Wednesday, September 9, 2009

What newspapers should be doing

The Wire

Twenty years ago, worked with a system that linked all the newspapers in New Zealand over a modem network. This was a "packet switch network" - what we worked with before TCP/IP changed how most networking works and created the Internet.

There is a continual friction in the evolution of computer software between central control and remote intelligence. Networking wise. You either have lots of intelligent nodes with their own databases interacting, or you have a design where the bulk of the data is held at one or more central locations.

Both have been shoved aside for the client-server model that works for data exchange by building protocols at the correct level of a stack.

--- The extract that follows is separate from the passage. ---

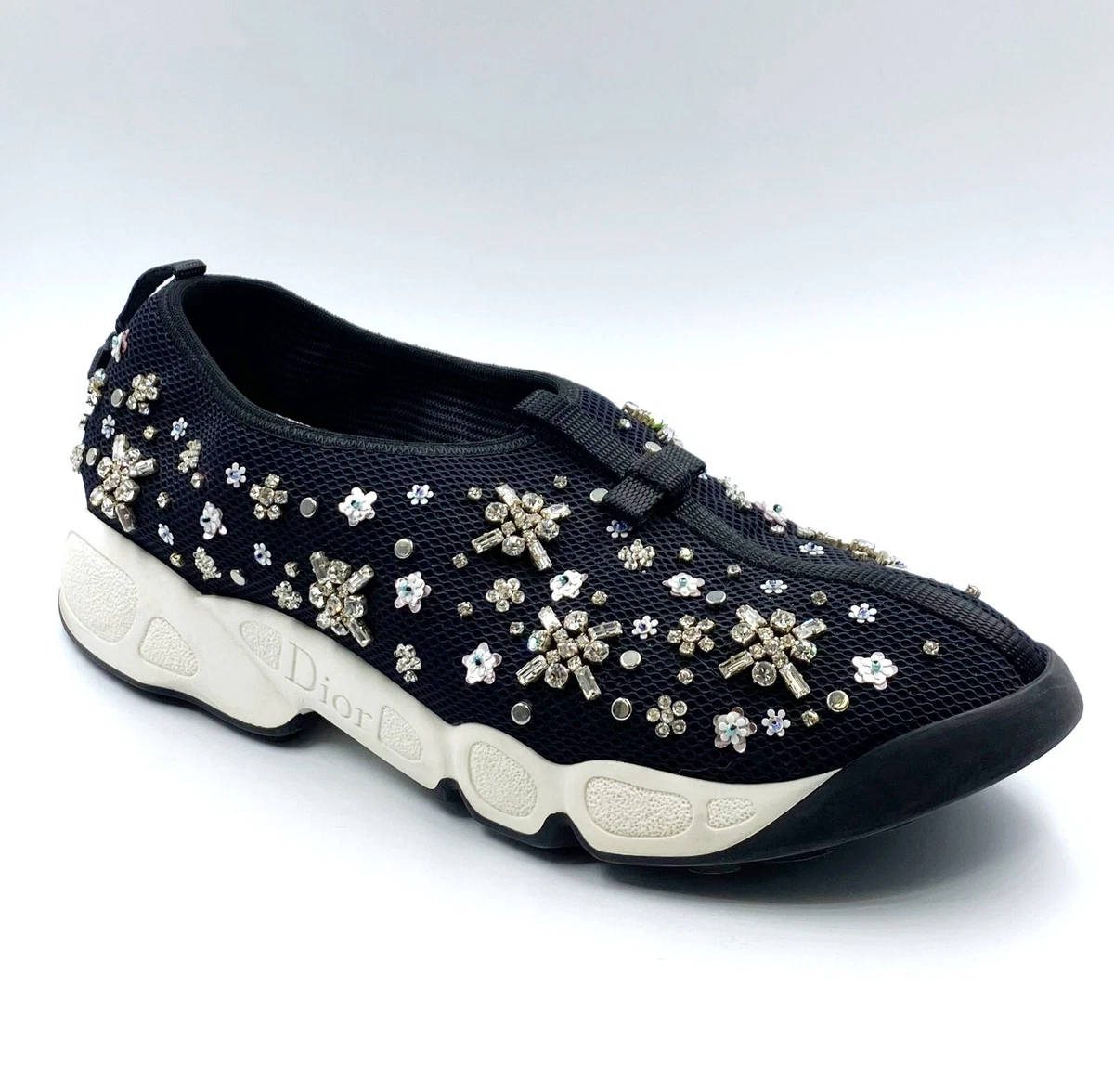 DIOR Black Floral Crystal Embellished Mesh Fusion Slip On Sneaker 40 10 Low  Top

But have we lost something in translation? More important for the media industry, is there an answer in news presentation that is a) not expensive and b) instantly more interesting than what passes today as online news.

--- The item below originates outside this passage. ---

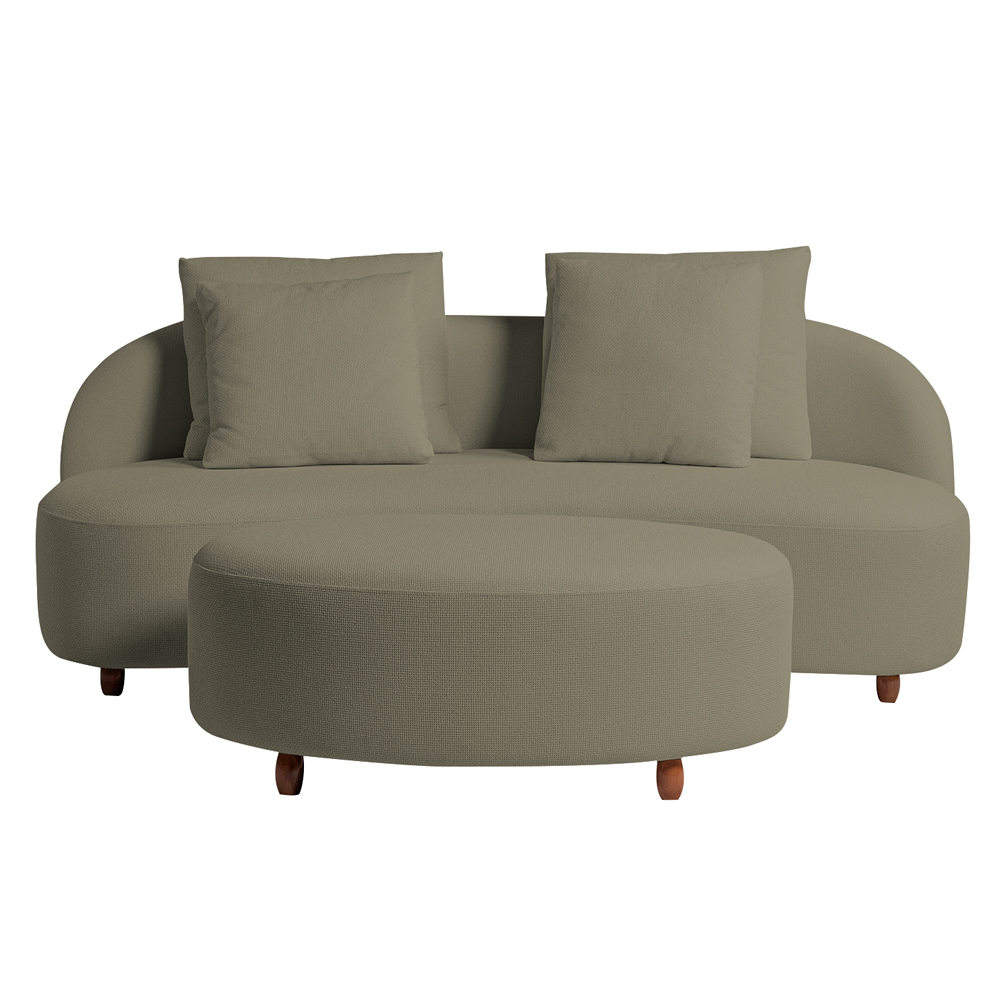 Sofá Living Sala de Estar Rocca 232cm com Puff Pés Madeira Linho Rústico Castor G92 - Gran Belo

What distinguishes news from plain old blogging? Factuality.

News is all information, no muddled thinking about it.

Blogging is all muddled thinking about it, no real information.

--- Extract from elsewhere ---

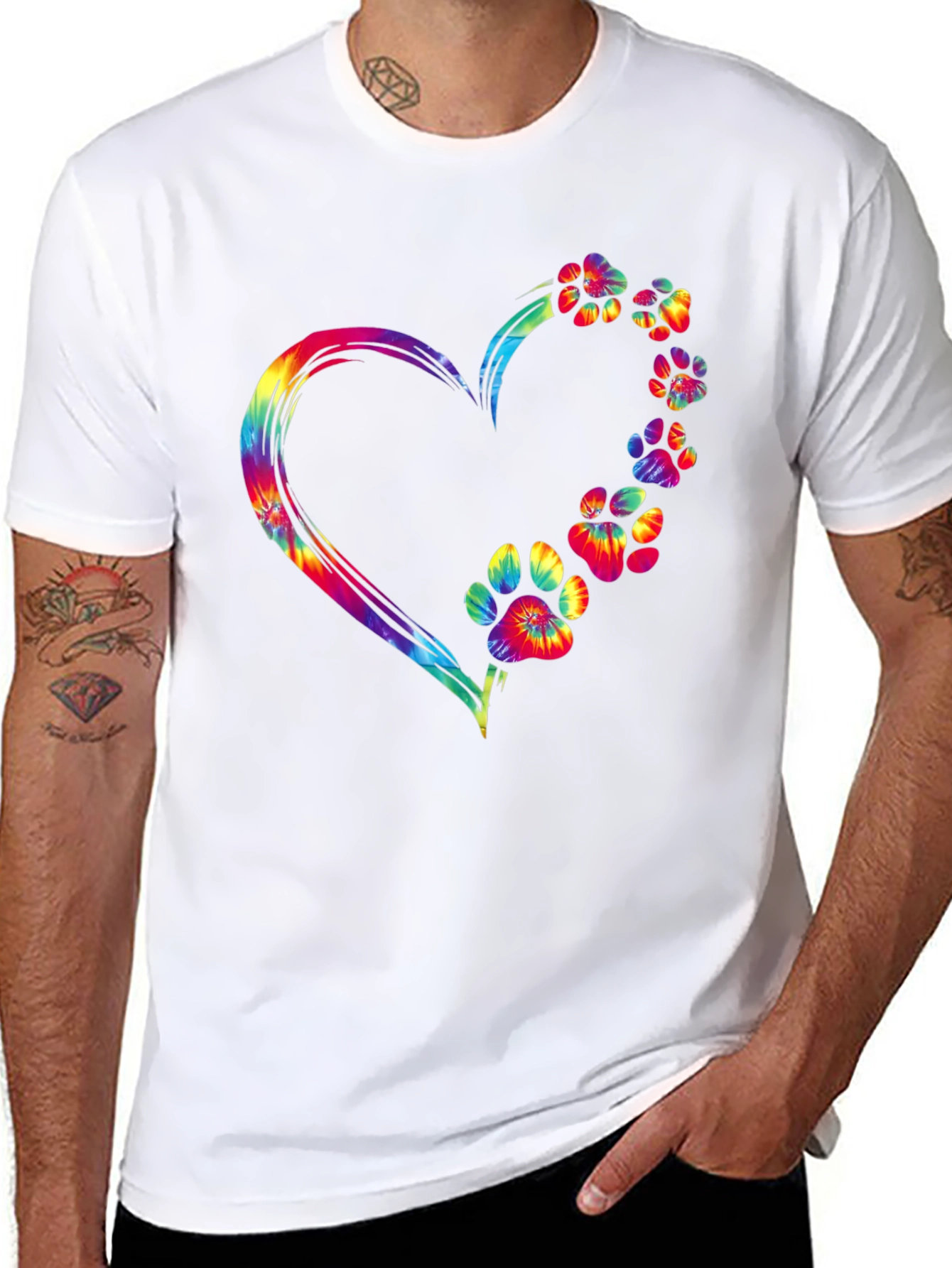 Tie Dye Paw Print Heart Graphic Tee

So the way to distinguish media "you should read" from media "you should ignore" the media giants have formed a sort of closed information cabal where they share propriety information, or IP if you like. Much of what you read in your local newspaper is similar to what is published in a local newspaper half way across the world.

Facts are just facts. Writing is the art however that a newspaper is selling. The best writing should evolve with a news brand instead in award winning news sites we get snips. Like radio news. Skims over the surface.

"The Web is not a medium for long articles because people's attention span is short..." is just marketing bollocks. The web is not a visual medium. It is hardly just for the consumption of idiots. It is ultimately the greatest economic and academic asset we have.

To evaluate business requirements based on human behaviour is the wrong business model and then charging for what drags the most eyes is really how you run a sports channel.

The news is a differentiated media. It employs entertainment (mainly sports) to gather the larger audience. No longer really reading news, we are instead led by an unexpressed desire for a staged entertainment experience while listening to short pithy headline delivery with surface analysis or interviews.

The news media adopts a media player clip approach to video ("as that is what works on the web, its all eyeballs"). Nothing wrong with that. Like the Apple I, it is a stage of media evolution.

On the other side there is youtube.com and thousands of similar user posted video sites. News does not appear to work on these sites.

Mashing the two together to provide public news bulletins will be done wrong hundreds of times badly before an accurate model for public contributions selectively rewards great content capture. Will this mean a vast network of ipod nano carrying part time journalists? Only when something happens while the reporter is there. But too much shaky low grade video, and it loses its edge. Becomes just more blogware.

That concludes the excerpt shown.